Using predictive coding technology in England – encouragement for sceptical litigators

Pyrrho & Anr v MWB Property Ltd & Othrs [2016] EWHC 256 (Ch),1 was the first United Kingdom court decision to approve the use of predictive coding to review electronically stored information (ESI) in civil disclosure. As commercial litigators are well aware, disclosure (discovery in the United States) is often the most protracted and contested aspect of a case, and usually the largest single element of the pre-trial costs budget.

Disclosure in the UK

Disclosure is governed by the Civil Procedure Rules and Practice Directions,2 which must be applied in accordance with the ‘overriding objective’ enabling the court to deal with cases ‘justly and at proportionate cost’. While there a number of different variants, perhaps the most common type of disclosure used in commercial cases is ‘standard disclosure’. The rules of standard disclosure require each party to make a ‘reasonable search’ for relevant documents, which must then be listed and disclosed (subject to privilege) to the opposing party for inspection. A ‘document’ includes a computer file.

It may be reasonable to search ESI by means of keyword searches, or ‘other automated methods of searching’, if a full manual review would be unreasonable. The practice direction (31B) recognises that keyword searches may be unsuitable if they find excessive quantities of irrelevant documents (eg, by duplication of documents in email and ‘cc’ chains), or fail to find important documents which ought to be disclosed.

In such circumstances, the parties should consider supplementing automated searches with ‘additional techniques’ (such as individual review of key documents), and taking ‘such other steps as may be required to justify the selection to the court’. In Pyrrho, Master Matthews accepted that the use of predictive coding technology was acceptable as an ‘additional technique’ contemplated by the practice direction.

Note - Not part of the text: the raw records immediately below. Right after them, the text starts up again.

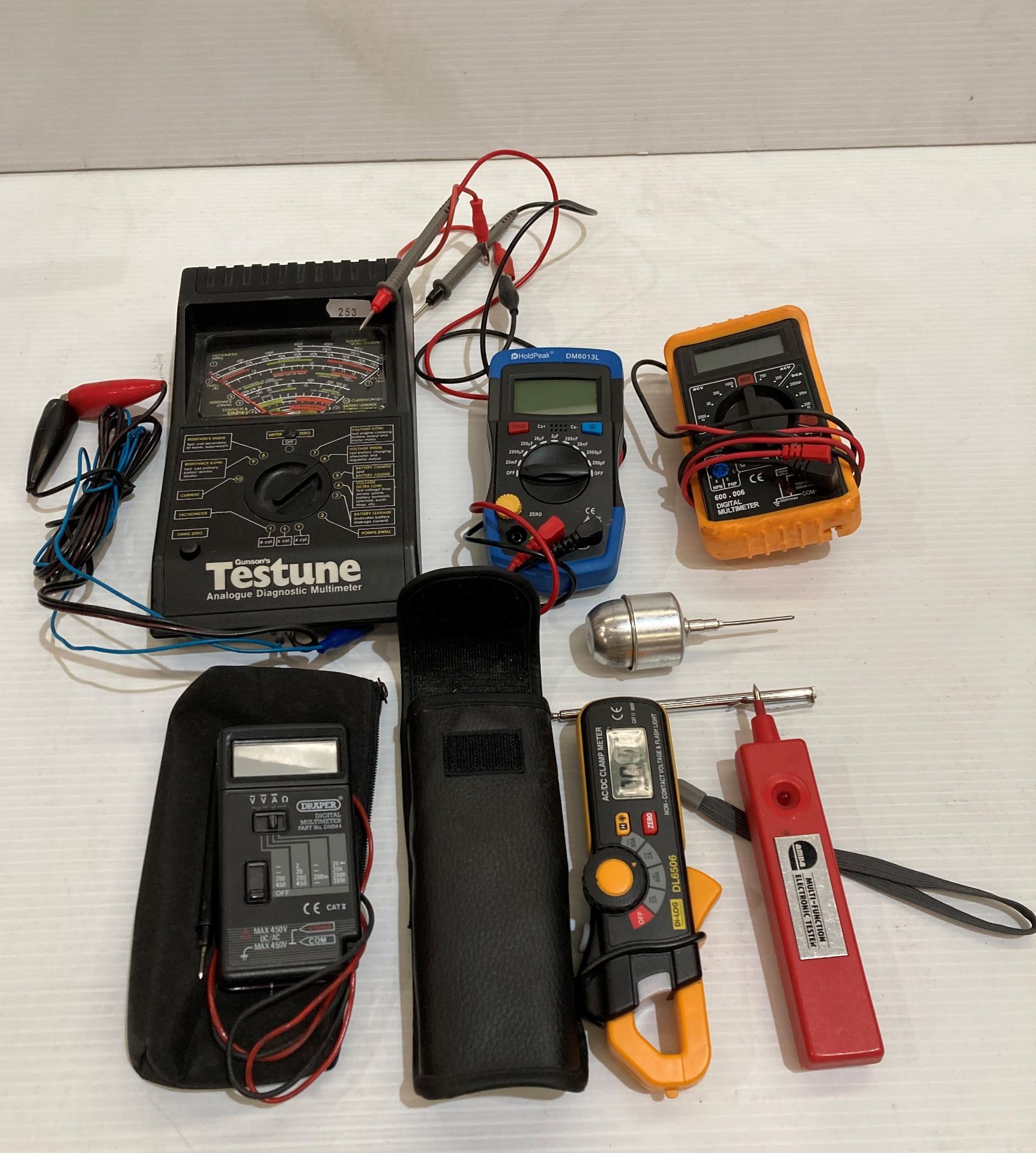 Six assorted electrical testers including AC/DC clamp meter DL6506, 600.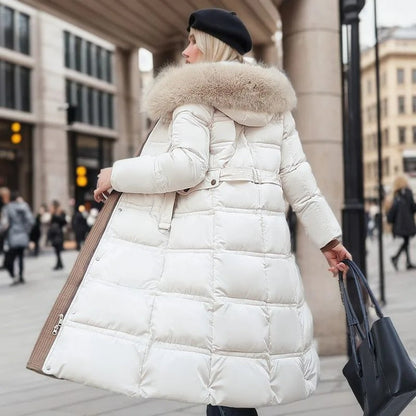 Frau in weißem Daunenmantel mit Fellkragen, Wintermode, Stadt, elegant, warm, stilvoll.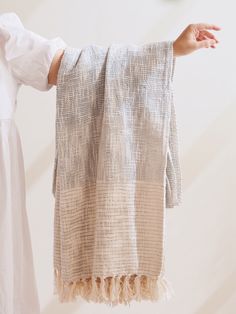 a woman holding up a white and beige blanket with tassels on the ends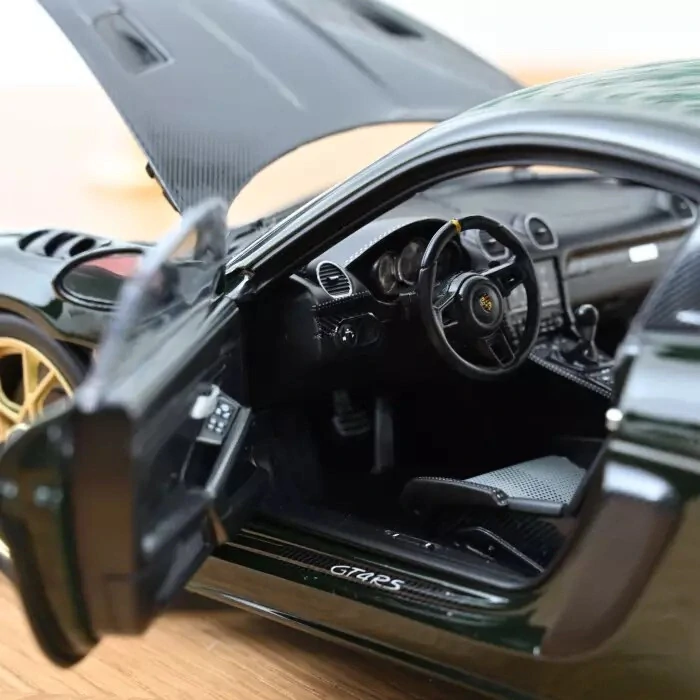 Porsche Cayman GT4 RS with Weissach 2023 brewster green 1:18 Norev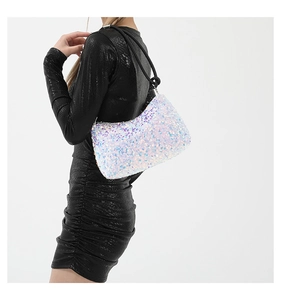 Chic sequined shoulder bag with black woven rope strap shown on a black dress model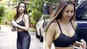 Malaika dons a hot black sports bra with matching yoga pants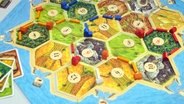 Das Bild zeigt das Brettspiel "Die Siedler von Catan" © picture-alliance / dpa Foto: Patrick Seeger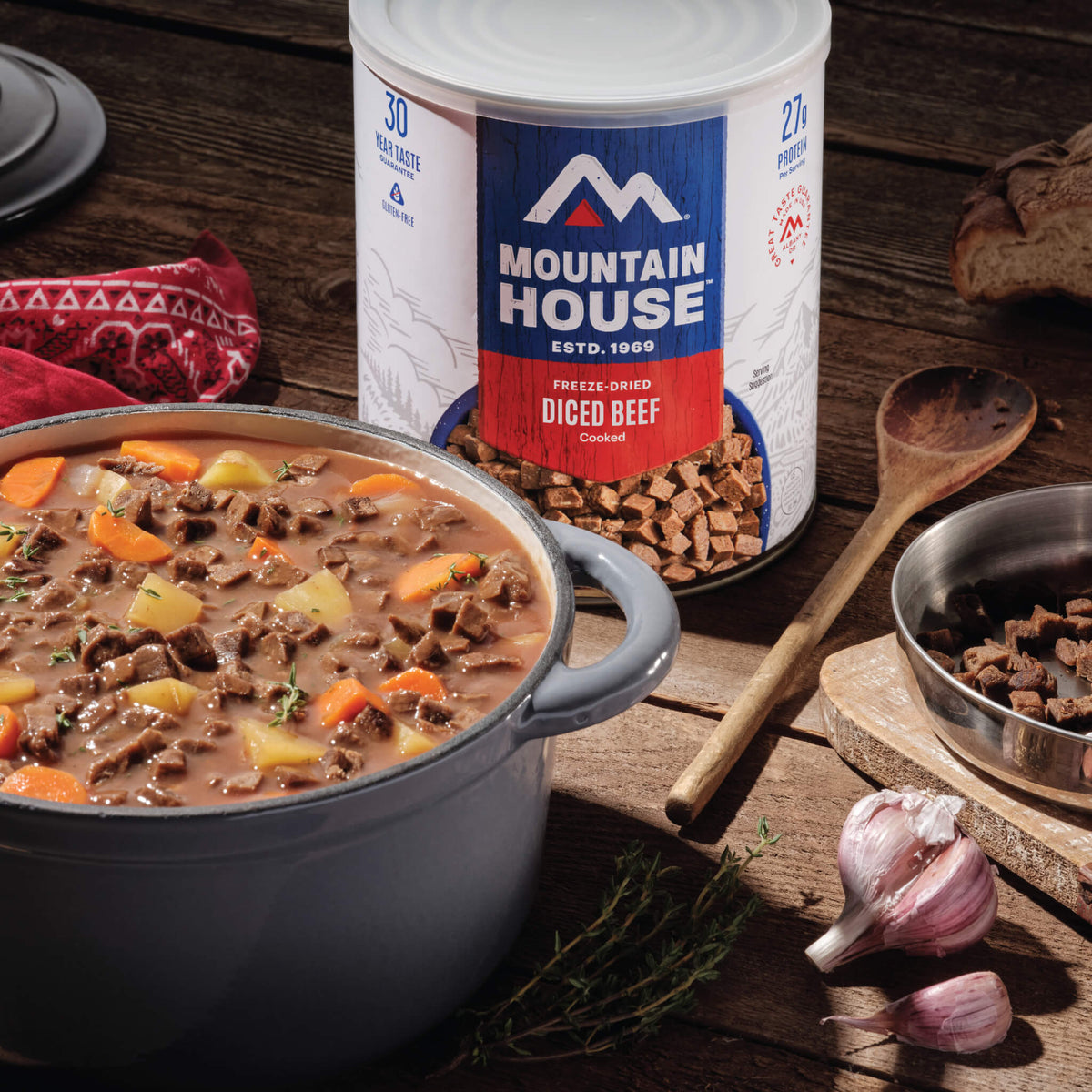 Diced Beef #10 Can on a countertop next to beef stew in a bowl.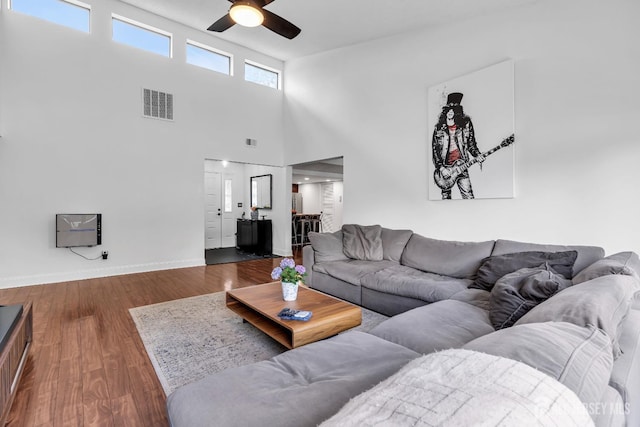 218 Community Cir, Old Bridge, NJ 08857 - living room featuring a ceiling fan, dark wood-style floors, baseboards, and a towering ceiling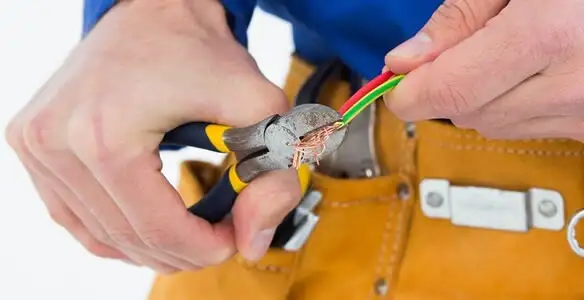 licensed electrician securing electrical wiring with professional tools during service work in Lancaster, PA
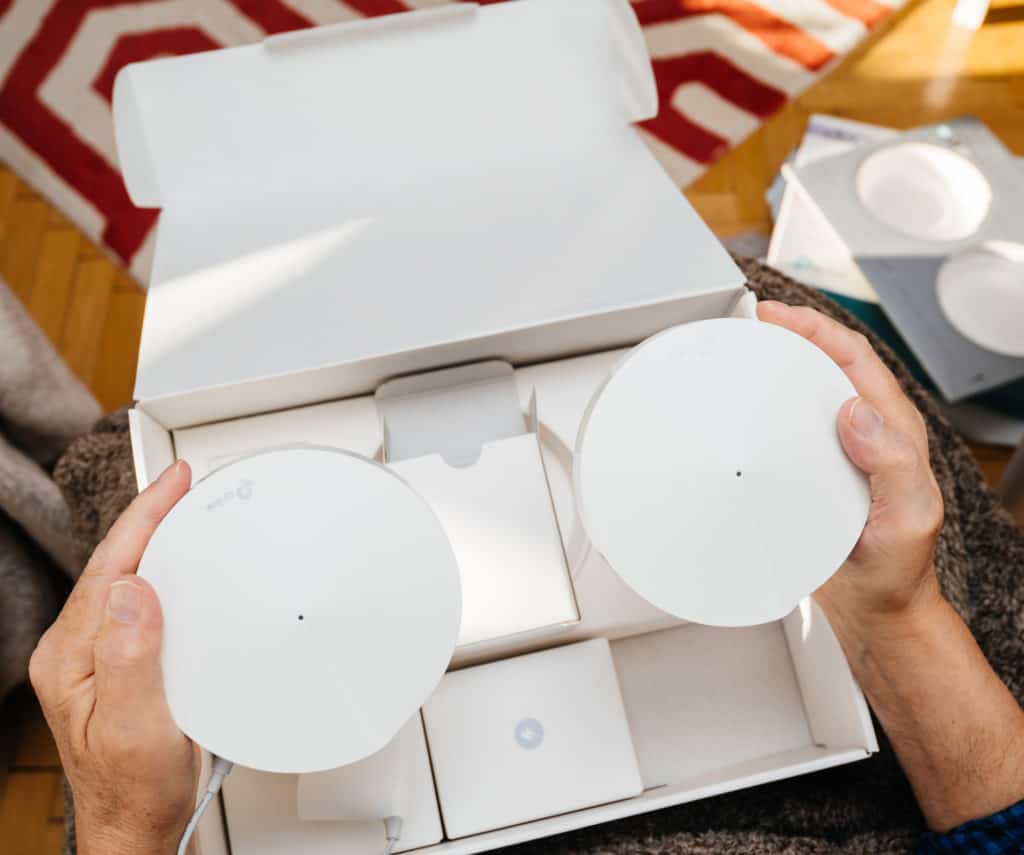 Unboxing a mesh Wi-Fi system for stronger connection so mobile data can be on or off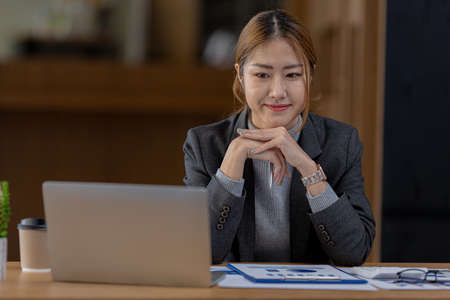 Beautiful Asian woman is a businesswoman who leads a new generation of startups, a woman who runs and manages a business plan to build confidence and stability in business, woman-led business concept.の写真素材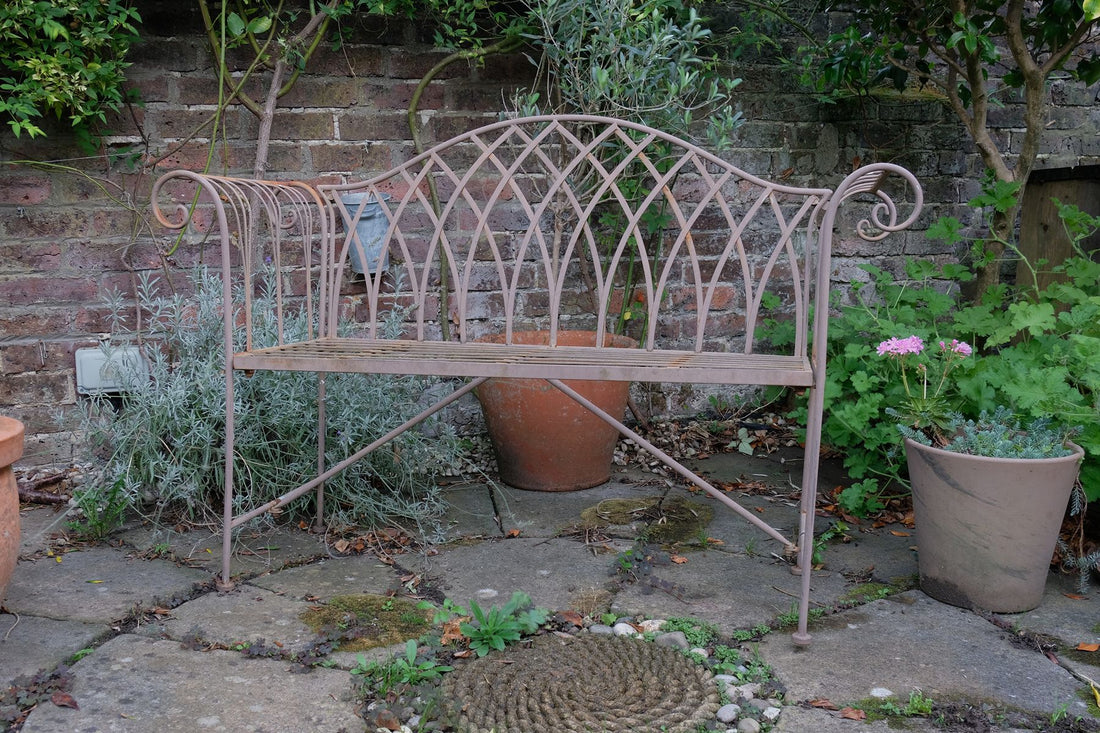 Painted wrought iron garden bench with Gothic arch back, scroll armrests and slatted seat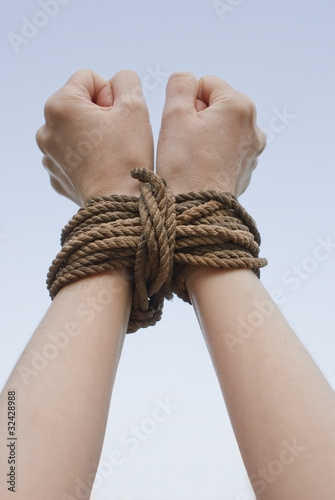 Photo: Tied with rope hands Tied with rope hands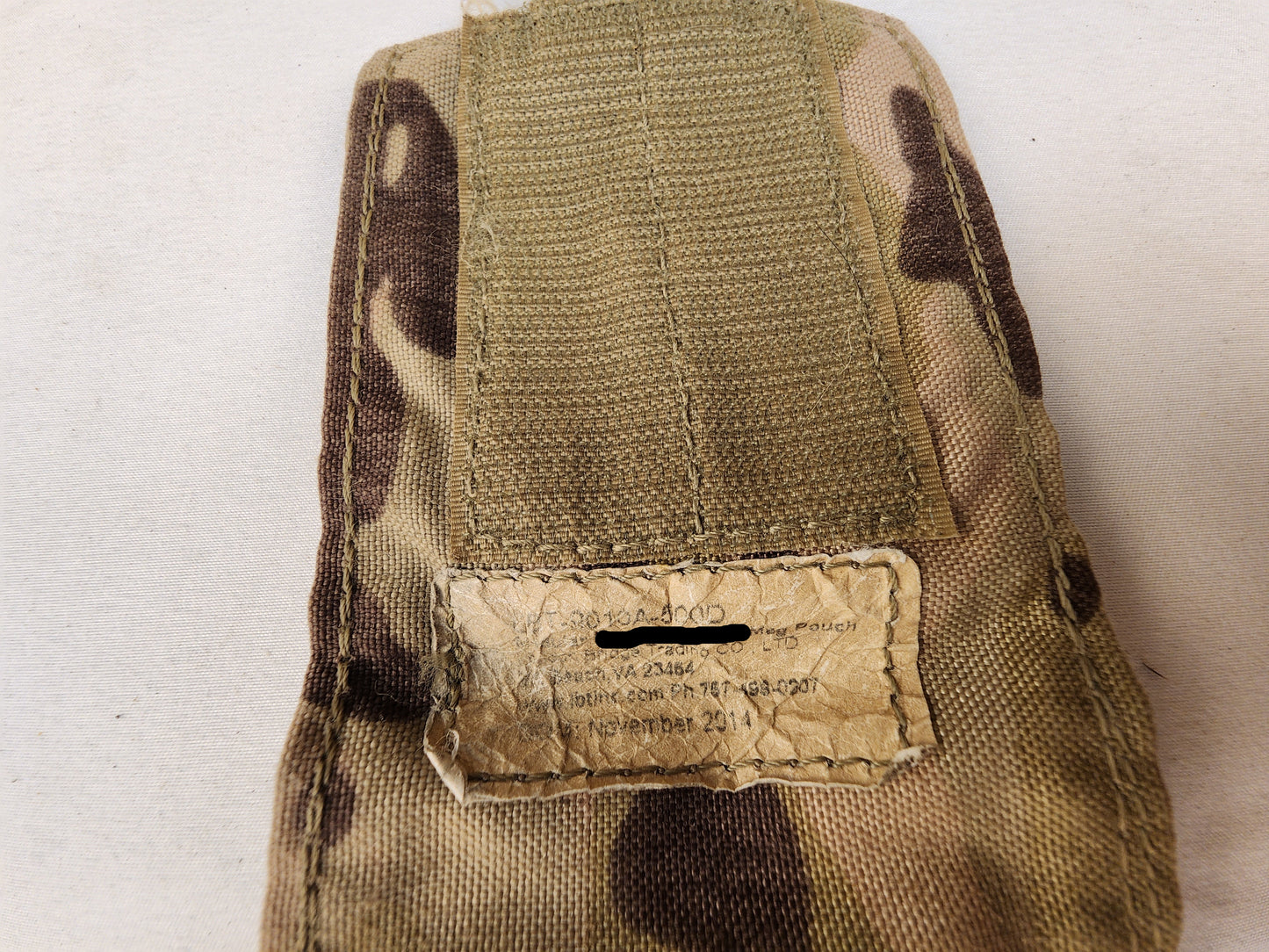 Camouflage pouch with a label on a white background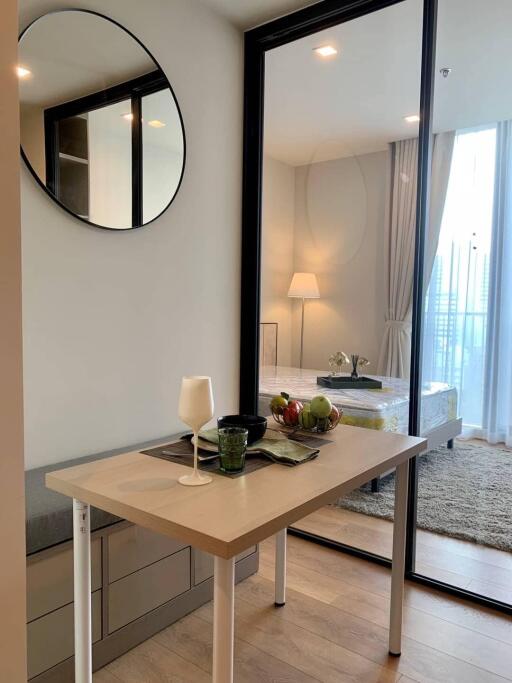 View of the bedroom through glass sliding doors with a small table in the foreground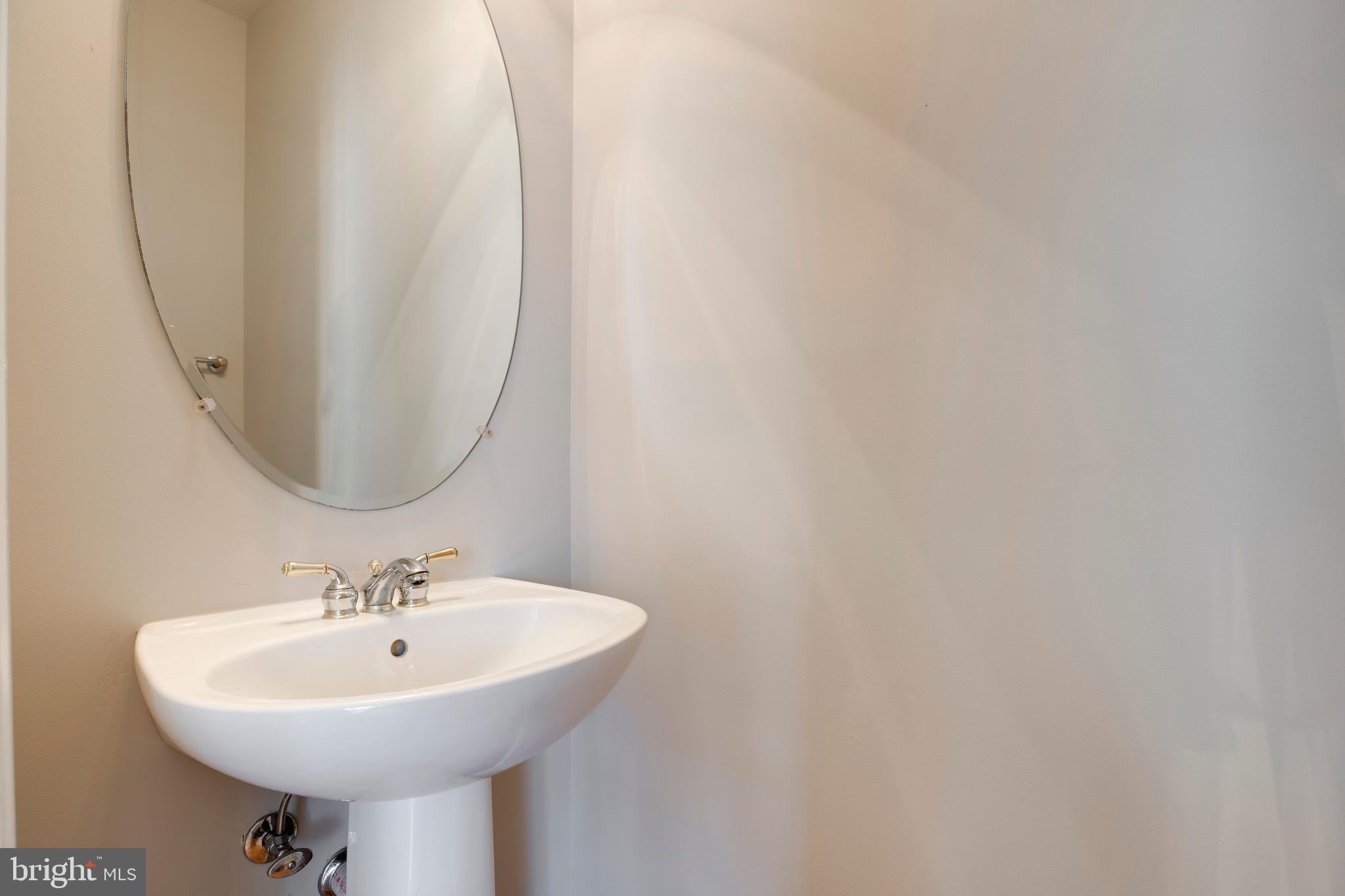 5909 Rinard Drive Centreville, VA 20120 - Photo 27 of 46 a white sink sitting next to a white sink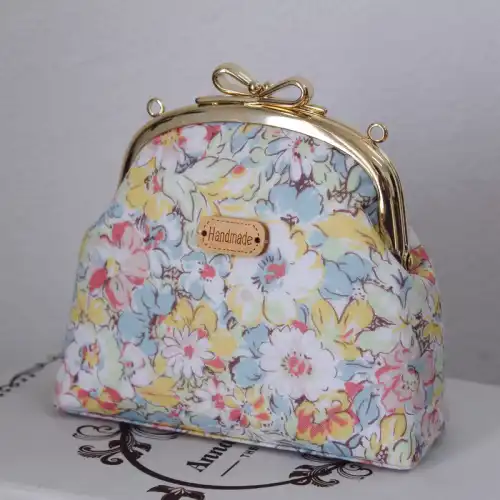 Are there curved metal coin purse frames with unique designs or finishes?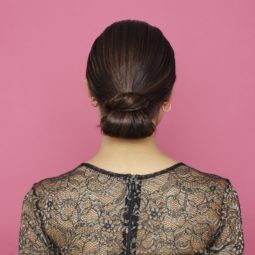 prom hairstyles for medium hair: brown hair model showing of low sleek wrapped tuck bun hairstyle from back view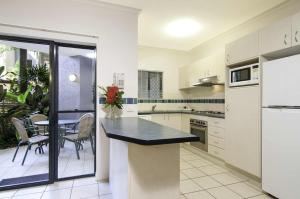 a kitchen with white appliances and a table and chairs at Bay Villas Resort in Port Douglas
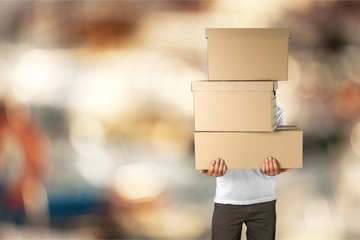 Man with cardboard boxes on bokeh background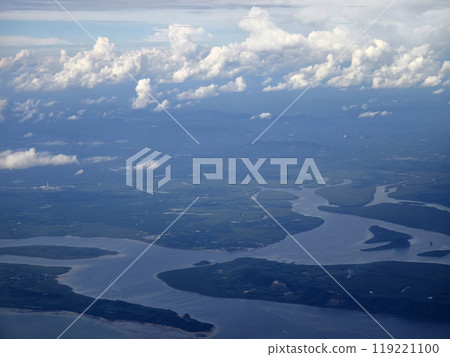 A breathtaking view of the vast ocean as seen from an airplane window 119221100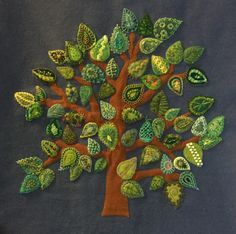 a tree made out of leaves on a blue background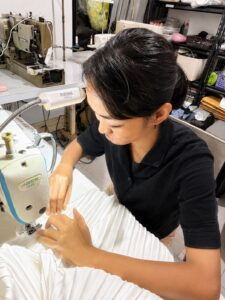 Experienced seamstress carefully sewing intricate white pleated fabric on a sewing machine for premium garment production in Bali.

The use of predictive coding or other type of technology assisted review is not mandatory. Nevertheless, where one party suggests it and the other refuses, they may now need to justify that refusal to the court. In a subsequent contested UK predictive coding case, David Brown v BCA Trading [2016] EWHC 1464 Ch, Registrar Jones ordered the use of predictive coding despite the objections of the opposing party.

Predictive coding

Predictive coding is a type of technology assisted review which uses technological, statistical and legal input to ‘train’ computer software to look for common concepts and themes within documents, to give an indication of likely relevance. Complex algorithms underpin the software.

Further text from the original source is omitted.